Hermsen points out that this new discipline must deal with the facts that we are psychologically compelled to be initially wary of all that is new in food and that we are very accustomed in our relationship to it. Then there are the cultural differences, too. Some cultures have a history of interacting with others and seem more willing to embrace new ideas, but others tend to have specific ideas about what constitutes food and what does not. Which is why, when Hermsen recently experimented with bone broth made from male goats — which are typically discarded by the goat milk industry — test subjects said they liked the flavor but admitted they would still prefer buying chicken or beef broth.

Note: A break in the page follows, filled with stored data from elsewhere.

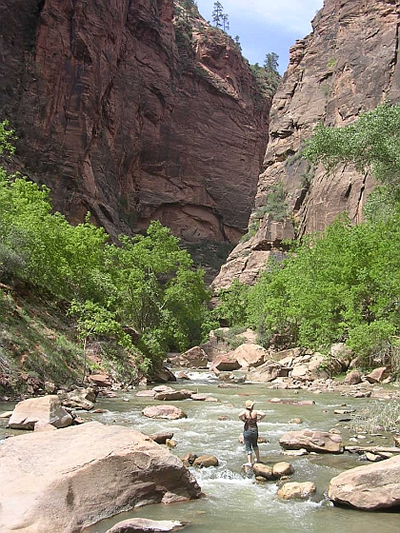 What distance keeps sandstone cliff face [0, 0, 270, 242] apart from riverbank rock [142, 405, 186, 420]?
36.7 metres

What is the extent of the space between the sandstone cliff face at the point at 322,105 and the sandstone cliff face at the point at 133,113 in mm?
14055

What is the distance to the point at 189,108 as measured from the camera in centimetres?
7544

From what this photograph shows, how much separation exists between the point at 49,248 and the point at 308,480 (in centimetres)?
1464

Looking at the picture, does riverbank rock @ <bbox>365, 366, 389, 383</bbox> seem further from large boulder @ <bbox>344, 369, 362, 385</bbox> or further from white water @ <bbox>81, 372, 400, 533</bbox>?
white water @ <bbox>81, 372, 400, 533</bbox>

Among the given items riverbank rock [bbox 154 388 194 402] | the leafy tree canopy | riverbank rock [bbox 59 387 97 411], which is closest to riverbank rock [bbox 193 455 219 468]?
riverbank rock [bbox 59 387 97 411]

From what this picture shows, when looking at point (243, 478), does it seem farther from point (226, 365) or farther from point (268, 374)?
point (226, 365)

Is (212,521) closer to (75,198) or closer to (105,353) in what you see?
(105,353)

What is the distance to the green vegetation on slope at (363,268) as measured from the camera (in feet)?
64.6

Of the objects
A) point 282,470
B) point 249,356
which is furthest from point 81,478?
point 249,356

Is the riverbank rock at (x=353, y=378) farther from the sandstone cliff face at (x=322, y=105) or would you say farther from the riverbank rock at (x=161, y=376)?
the sandstone cliff face at (x=322, y=105)

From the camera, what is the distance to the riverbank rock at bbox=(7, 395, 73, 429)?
9.95m

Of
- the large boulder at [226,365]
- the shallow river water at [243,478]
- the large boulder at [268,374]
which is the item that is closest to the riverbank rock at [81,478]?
the shallow river water at [243,478]

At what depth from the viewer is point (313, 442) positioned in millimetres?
9445

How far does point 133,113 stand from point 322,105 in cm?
2289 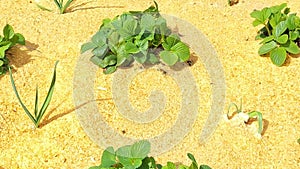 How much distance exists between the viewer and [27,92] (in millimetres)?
2955

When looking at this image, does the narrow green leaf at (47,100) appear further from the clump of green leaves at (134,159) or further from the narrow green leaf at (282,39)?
the narrow green leaf at (282,39)

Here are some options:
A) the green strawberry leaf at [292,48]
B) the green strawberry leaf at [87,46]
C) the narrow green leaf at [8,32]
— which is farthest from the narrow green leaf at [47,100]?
the green strawberry leaf at [292,48]

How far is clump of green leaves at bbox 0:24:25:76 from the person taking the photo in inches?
117

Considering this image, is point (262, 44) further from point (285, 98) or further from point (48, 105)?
point (48, 105)

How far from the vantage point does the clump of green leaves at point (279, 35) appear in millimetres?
2988

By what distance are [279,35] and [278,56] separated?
0.41 feet

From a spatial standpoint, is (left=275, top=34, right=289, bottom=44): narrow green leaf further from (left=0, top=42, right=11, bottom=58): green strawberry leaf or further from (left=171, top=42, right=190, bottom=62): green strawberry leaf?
(left=0, top=42, right=11, bottom=58): green strawberry leaf

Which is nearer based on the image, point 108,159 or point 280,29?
point 108,159

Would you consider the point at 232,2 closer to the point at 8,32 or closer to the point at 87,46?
the point at 87,46

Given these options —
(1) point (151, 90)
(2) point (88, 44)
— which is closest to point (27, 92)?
(2) point (88, 44)

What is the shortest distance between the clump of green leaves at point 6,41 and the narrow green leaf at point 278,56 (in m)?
1.51

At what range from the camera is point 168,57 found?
115 inches

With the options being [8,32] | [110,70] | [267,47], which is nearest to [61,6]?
[8,32]

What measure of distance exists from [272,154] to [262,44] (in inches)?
33.8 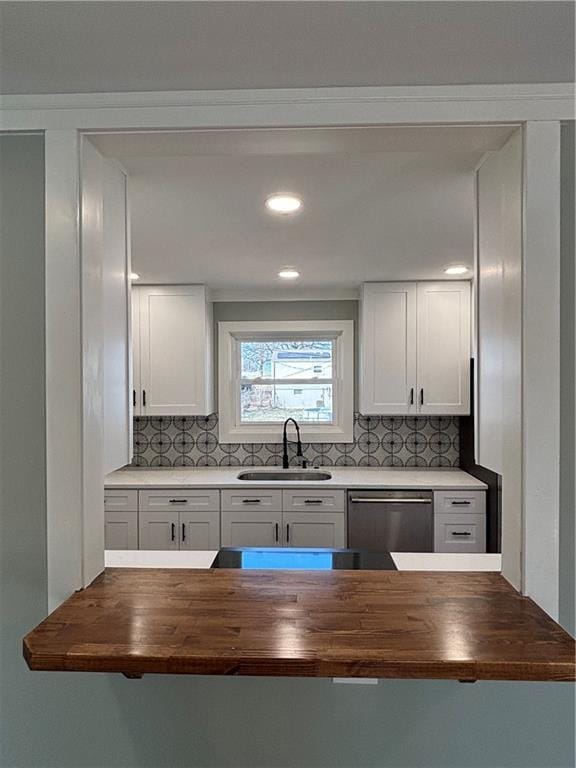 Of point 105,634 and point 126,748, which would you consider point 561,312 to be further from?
point 126,748

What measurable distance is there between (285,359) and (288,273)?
104cm

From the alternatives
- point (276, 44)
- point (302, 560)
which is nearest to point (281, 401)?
point (302, 560)

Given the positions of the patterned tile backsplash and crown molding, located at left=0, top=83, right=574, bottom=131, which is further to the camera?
the patterned tile backsplash

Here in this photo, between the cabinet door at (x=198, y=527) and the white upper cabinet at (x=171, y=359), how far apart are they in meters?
0.74

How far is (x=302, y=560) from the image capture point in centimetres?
185

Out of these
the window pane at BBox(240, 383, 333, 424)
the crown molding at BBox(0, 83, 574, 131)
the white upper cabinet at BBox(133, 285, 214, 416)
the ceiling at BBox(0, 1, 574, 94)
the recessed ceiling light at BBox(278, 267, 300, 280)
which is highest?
the recessed ceiling light at BBox(278, 267, 300, 280)

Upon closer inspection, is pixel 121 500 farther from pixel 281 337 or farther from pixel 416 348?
pixel 416 348

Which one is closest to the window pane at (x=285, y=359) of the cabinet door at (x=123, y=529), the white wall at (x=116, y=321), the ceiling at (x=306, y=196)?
the ceiling at (x=306, y=196)

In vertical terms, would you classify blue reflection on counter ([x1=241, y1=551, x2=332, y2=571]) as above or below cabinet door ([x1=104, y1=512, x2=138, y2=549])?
above

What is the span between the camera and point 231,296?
11.9ft

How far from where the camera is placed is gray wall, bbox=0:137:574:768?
116cm

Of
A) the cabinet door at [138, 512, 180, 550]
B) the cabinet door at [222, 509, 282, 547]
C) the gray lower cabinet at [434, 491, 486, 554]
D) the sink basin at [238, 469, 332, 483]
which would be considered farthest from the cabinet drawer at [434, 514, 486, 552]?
the cabinet door at [138, 512, 180, 550]

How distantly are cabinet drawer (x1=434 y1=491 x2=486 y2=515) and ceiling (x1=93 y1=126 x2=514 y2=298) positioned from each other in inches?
60.8

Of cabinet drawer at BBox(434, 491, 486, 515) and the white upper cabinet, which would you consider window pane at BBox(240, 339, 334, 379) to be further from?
cabinet drawer at BBox(434, 491, 486, 515) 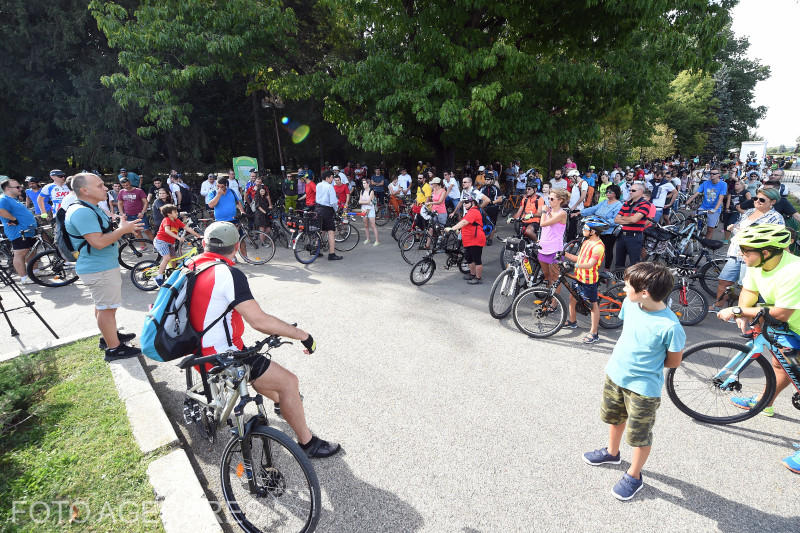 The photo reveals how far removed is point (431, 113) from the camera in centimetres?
1113

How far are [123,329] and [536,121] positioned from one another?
38.5 feet

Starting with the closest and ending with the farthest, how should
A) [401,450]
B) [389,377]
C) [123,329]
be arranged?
Answer: [401,450], [389,377], [123,329]

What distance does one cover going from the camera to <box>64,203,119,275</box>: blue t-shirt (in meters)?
4.24

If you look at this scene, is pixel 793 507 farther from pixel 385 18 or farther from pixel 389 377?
pixel 385 18

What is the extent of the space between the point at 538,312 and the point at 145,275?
6.94 meters

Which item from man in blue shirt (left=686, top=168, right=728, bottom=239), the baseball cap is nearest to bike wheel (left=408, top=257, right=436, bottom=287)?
the baseball cap

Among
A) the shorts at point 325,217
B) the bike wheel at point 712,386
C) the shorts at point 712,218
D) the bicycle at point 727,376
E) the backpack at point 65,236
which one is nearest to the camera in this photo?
the bicycle at point 727,376

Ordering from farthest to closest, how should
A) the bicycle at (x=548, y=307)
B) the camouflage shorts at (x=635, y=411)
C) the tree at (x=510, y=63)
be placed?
the tree at (x=510, y=63), the bicycle at (x=548, y=307), the camouflage shorts at (x=635, y=411)

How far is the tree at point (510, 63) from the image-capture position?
1045 centimetres

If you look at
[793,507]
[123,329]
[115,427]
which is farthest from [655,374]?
[123,329]

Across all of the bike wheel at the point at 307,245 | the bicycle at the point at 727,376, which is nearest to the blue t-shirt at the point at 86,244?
the bike wheel at the point at 307,245

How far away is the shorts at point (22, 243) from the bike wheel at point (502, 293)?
28.8 ft

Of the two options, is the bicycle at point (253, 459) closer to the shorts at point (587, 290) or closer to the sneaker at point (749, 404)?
the sneaker at point (749, 404)

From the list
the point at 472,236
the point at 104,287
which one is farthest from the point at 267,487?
the point at 472,236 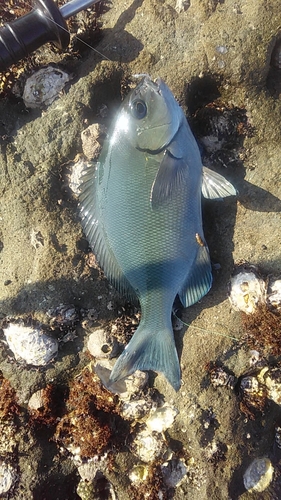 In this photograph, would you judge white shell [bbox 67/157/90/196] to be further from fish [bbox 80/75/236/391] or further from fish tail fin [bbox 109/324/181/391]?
fish tail fin [bbox 109/324/181/391]

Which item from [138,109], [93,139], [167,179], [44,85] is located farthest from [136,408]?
[44,85]

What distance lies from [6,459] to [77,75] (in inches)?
151

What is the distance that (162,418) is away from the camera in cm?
366

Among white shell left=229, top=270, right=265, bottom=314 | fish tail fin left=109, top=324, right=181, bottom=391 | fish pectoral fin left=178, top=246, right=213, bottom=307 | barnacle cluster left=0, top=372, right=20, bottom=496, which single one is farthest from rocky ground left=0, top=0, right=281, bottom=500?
fish tail fin left=109, top=324, right=181, bottom=391

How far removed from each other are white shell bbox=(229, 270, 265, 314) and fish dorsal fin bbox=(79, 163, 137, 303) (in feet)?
3.13

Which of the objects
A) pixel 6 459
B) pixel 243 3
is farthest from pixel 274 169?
pixel 6 459

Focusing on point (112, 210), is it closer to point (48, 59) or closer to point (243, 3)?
point (48, 59)

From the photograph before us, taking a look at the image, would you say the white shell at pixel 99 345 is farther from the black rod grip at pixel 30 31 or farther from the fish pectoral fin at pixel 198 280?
the black rod grip at pixel 30 31

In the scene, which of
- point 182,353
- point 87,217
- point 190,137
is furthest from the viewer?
point 182,353

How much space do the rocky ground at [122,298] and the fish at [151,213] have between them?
0.37 meters

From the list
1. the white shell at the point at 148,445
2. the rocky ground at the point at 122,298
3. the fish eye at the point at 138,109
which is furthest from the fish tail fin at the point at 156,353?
the fish eye at the point at 138,109

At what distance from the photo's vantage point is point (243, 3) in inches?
138

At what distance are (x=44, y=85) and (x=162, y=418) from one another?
3.43m

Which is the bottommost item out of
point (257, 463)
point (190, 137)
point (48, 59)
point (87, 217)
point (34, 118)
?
point (257, 463) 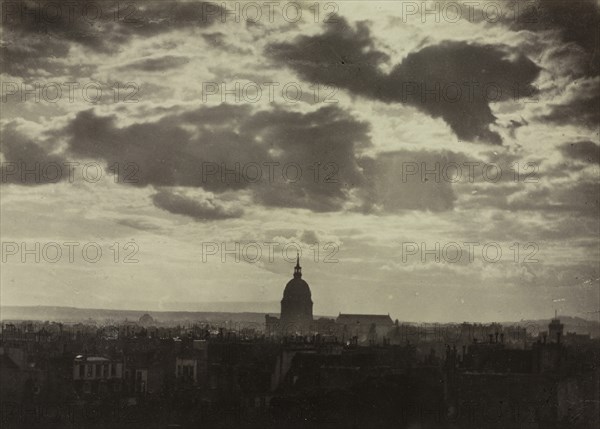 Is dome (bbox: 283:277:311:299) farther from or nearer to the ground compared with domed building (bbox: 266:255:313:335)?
farther from the ground

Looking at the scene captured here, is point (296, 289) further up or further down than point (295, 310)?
further up

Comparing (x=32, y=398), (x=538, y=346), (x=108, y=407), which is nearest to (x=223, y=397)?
(x=108, y=407)

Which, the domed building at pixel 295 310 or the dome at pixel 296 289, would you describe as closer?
the domed building at pixel 295 310

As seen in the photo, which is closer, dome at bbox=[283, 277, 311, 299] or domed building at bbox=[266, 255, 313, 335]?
domed building at bbox=[266, 255, 313, 335]

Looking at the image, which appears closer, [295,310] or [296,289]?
[295,310]

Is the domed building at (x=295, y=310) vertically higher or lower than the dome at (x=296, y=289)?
lower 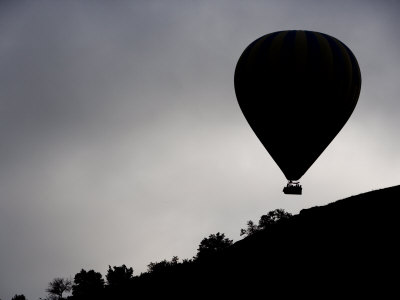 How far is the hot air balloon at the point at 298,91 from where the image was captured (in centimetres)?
2975

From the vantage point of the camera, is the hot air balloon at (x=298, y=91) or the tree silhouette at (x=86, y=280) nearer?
the hot air balloon at (x=298, y=91)

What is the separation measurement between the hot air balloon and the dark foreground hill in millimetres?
A: 5842

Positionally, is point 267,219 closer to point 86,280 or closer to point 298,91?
point 86,280

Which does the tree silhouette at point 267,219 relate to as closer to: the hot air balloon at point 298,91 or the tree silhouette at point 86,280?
the tree silhouette at point 86,280

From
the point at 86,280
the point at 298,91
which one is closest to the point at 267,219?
the point at 86,280

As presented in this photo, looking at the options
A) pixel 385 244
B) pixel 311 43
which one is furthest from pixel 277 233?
pixel 311 43

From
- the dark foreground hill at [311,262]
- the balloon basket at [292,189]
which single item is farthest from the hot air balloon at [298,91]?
the dark foreground hill at [311,262]

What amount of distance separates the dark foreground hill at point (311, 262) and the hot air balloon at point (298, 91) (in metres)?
5.84

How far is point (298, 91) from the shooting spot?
29.9m

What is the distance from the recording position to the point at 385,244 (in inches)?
1215

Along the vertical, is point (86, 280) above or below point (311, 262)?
above

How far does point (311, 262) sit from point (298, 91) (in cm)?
1147

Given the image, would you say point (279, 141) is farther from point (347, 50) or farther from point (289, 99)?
point (347, 50)

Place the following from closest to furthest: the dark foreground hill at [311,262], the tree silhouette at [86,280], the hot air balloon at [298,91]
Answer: the dark foreground hill at [311,262] < the hot air balloon at [298,91] < the tree silhouette at [86,280] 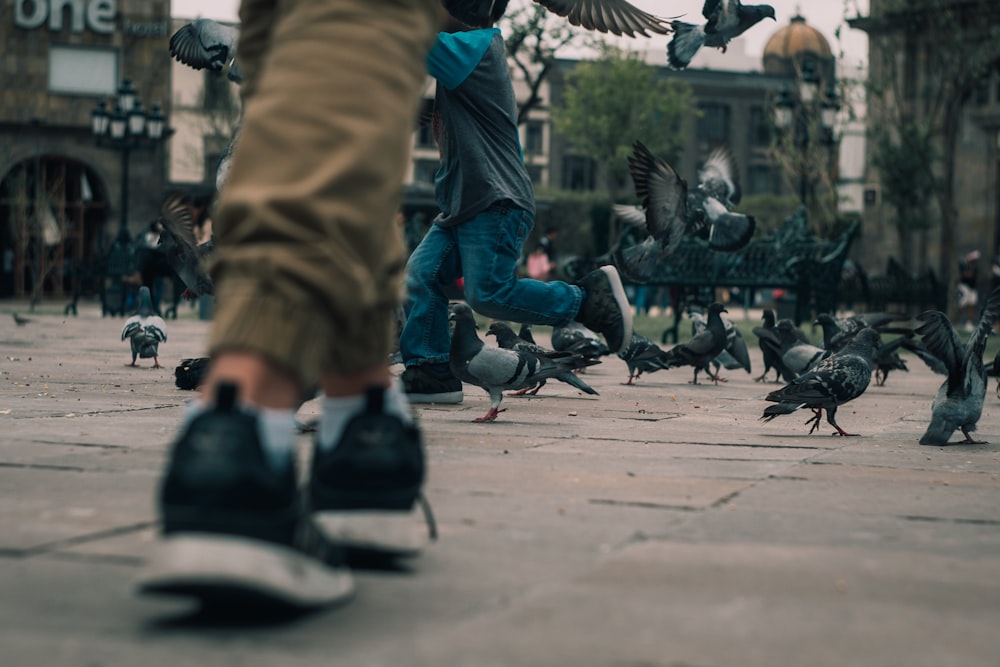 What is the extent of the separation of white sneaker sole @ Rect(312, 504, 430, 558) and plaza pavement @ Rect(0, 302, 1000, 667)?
45 mm

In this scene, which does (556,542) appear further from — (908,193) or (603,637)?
(908,193)

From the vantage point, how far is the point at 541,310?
6836 mm

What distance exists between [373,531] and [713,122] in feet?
274

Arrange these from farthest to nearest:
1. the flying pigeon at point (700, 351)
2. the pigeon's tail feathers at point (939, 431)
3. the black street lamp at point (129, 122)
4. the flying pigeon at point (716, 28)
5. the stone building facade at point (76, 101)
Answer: the stone building facade at point (76, 101)
the black street lamp at point (129, 122)
the flying pigeon at point (700, 351)
the flying pigeon at point (716, 28)
the pigeon's tail feathers at point (939, 431)

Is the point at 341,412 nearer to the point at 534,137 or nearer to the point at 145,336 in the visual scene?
the point at 145,336

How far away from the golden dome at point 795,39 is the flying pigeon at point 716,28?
76.9 meters

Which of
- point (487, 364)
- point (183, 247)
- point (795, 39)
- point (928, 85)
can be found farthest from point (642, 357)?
point (795, 39)

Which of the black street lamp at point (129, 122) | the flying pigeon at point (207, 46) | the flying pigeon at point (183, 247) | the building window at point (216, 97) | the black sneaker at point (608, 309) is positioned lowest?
the black sneaker at point (608, 309)

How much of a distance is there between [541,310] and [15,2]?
4001 centimetres

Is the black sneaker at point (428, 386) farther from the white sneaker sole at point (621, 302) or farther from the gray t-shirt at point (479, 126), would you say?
the white sneaker sole at point (621, 302)

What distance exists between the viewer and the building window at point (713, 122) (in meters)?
84.2

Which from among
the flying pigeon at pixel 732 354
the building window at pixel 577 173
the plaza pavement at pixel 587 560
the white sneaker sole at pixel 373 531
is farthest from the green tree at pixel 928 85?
the building window at pixel 577 173

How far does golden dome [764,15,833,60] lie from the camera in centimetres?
8419

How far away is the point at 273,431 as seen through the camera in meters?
2.38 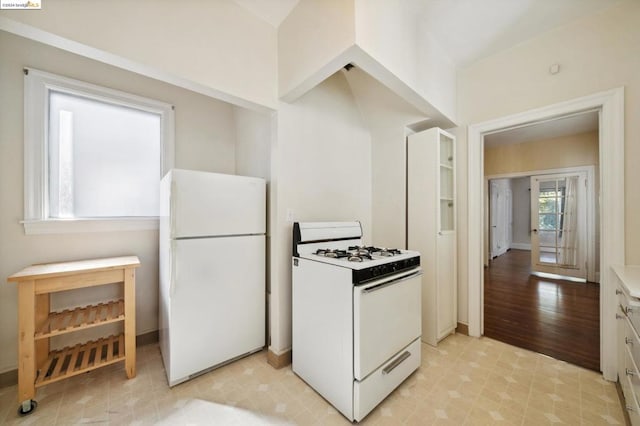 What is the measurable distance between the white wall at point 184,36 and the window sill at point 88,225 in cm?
145

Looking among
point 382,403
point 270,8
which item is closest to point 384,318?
Result: point 382,403

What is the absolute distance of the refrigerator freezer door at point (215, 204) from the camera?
1804 millimetres

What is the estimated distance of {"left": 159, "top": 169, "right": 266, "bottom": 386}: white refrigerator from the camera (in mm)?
1798

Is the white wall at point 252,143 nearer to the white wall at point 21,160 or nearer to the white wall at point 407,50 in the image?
the white wall at point 21,160

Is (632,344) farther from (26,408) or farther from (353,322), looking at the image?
(26,408)

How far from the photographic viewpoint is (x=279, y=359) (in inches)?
80.0

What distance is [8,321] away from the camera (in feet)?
5.94

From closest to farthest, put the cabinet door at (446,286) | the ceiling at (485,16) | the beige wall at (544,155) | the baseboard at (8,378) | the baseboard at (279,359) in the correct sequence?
1. the baseboard at (8,378)
2. the ceiling at (485,16)
3. the baseboard at (279,359)
4. the cabinet door at (446,286)
5. the beige wall at (544,155)

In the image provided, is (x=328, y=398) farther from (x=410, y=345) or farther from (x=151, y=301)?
(x=151, y=301)

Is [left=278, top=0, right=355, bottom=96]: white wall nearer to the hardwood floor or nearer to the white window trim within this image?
the white window trim

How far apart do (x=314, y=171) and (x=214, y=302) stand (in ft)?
4.78

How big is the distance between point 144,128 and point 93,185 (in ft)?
2.36

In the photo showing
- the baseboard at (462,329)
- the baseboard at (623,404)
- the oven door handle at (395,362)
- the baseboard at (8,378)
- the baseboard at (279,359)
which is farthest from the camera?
the baseboard at (462,329)

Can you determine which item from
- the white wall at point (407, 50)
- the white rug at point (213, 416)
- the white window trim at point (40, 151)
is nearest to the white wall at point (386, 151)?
the white wall at point (407, 50) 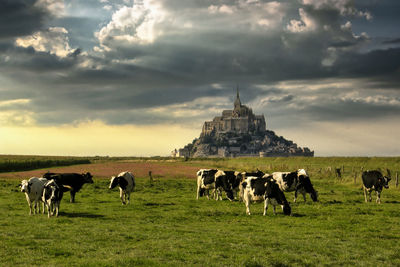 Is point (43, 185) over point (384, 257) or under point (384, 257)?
over

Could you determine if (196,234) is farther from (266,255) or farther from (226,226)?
(266,255)

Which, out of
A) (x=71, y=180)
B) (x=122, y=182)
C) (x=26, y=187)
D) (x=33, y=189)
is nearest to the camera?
(x=26, y=187)

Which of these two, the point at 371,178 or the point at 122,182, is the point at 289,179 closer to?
the point at 371,178

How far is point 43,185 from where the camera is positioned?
22.5 metres

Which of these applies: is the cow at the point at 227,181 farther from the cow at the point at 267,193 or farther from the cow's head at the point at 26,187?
the cow's head at the point at 26,187

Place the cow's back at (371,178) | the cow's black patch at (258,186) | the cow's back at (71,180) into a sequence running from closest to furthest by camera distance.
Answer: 1. the cow's black patch at (258,186)
2. the cow's back at (371,178)
3. the cow's back at (71,180)

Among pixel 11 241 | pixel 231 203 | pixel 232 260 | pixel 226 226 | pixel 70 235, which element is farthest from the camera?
pixel 231 203

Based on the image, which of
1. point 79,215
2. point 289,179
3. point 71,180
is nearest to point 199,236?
point 79,215

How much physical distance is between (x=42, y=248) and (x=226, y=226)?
850 cm

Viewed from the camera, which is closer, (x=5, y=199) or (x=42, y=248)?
(x=42, y=248)

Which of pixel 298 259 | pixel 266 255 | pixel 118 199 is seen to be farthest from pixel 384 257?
pixel 118 199

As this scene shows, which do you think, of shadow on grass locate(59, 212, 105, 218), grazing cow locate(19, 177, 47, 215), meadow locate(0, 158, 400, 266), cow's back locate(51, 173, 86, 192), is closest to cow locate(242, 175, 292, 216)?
meadow locate(0, 158, 400, 266)

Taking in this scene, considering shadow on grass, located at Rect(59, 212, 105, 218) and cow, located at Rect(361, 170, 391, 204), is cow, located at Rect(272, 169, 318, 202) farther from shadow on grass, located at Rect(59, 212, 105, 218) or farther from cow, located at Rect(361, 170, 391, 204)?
shadow on grass, located at Rect(59, 212, 105, 218)

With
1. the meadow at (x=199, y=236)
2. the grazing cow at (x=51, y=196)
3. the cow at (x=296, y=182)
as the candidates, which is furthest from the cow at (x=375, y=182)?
the grazing cow at (x=51, y=196) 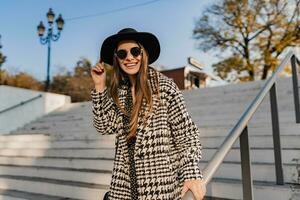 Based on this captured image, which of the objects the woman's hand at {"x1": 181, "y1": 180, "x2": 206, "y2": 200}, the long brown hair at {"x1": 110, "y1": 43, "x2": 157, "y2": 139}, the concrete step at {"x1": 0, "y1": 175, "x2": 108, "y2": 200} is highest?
the long brown hair at {"x1": 110, "y1": 43, "x2": 157, "y2": 139}

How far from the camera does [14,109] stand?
845 cm

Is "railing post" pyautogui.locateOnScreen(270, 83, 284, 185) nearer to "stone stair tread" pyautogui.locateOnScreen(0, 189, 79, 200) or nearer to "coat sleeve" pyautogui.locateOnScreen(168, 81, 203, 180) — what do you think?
"coat sleeve" pyautogui.locateOnScreen(168, 81, 203, 180)

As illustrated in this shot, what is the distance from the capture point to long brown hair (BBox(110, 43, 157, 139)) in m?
1.58

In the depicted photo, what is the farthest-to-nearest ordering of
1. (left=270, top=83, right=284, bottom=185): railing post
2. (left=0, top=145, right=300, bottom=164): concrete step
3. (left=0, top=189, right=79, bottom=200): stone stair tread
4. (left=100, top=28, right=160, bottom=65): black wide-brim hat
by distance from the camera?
(left=0, top=189, right=79, bottom=200): stone stair tread < (left=0, top=145, right=300, bottom=164): concrete step < (left=270, top=83, right=284, bottom=185): railing post < (left=100, top=28, right=160, bottom=65): black wide-brim hat

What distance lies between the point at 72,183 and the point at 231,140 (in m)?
2.67

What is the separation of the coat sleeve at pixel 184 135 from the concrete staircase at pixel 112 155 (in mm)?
1372

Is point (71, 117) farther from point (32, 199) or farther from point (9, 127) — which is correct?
point (32, 199)

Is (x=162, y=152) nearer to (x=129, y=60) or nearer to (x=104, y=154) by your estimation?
(x=129, y=60)

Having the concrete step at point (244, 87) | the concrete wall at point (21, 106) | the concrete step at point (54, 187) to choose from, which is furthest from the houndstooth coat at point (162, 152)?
the concrete wall at point (21, 106)

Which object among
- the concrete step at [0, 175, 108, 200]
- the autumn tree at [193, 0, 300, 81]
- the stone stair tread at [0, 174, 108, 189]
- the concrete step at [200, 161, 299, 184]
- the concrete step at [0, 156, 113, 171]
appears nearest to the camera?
the concrete step at [200, 161, 299, 184]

It’s not just us consumers who need to be persuaded to be more open to new foods either. Other food design ideas have been proposed to challenge the food industry’s conception of what food is and how we relate to it. The problem, says Edouard Malbois — of the Paris-based food design agency Inifrance, which has designed food for the likes of Lavazza, McDonald’s and Nestlé — is that the food industry is still very much aiming at producing “substitutes” in categories that already exist. Fixed staples rather than breaking any mold with something original and better.

“The industry is stuck using the same production methods with the same overproduction,” says Malboa, who recently launched his own creation, the Grand Jardin, which are cold-brewed teas served in wine-shaped bottles. “It’s true that food industry paradigms don’t change easily, but food design must lead the way in fresh thinking about what we invest in food, how we make it, and what we expect from it.”

Caroline Nibling, food stylist and author future sausage An upcoming book on Nutrition (MIT, Spring 2024), argues that this young, progressive discipline is also campaigning for positive change for both the industry and the consumer. First, she argues, food design can help us restore a basic understanding of the mechanisms of food. What is fermentation? How does cheese turn into yogurt? Despite our obsession with fancy restaurants and sophisticated dishes, the basics seem to be lost.

“Then we’ll have more confidence in new foods and less need to put our faith in everything the food industry tells us,” says Nibling. “But the food industry itself also needs to understand that designers — not just food scientists and developers — are becoming increasingly necessary to help boost not only consumer acceptance, but production efficiencies and commercial benefits as well. When the furniture design industry needs a chair, it doesn’t ask for a chair. Nobody in marketing.But that’s what the food industry does, making a lot of false assumptions about what consumers will accept, and thus limiting the nutritional variety that will be better for nature, our bodies, and the entire diet.Food design may be a new discipline, but it’s the missing link that It can make what we eat and how we eat so much better.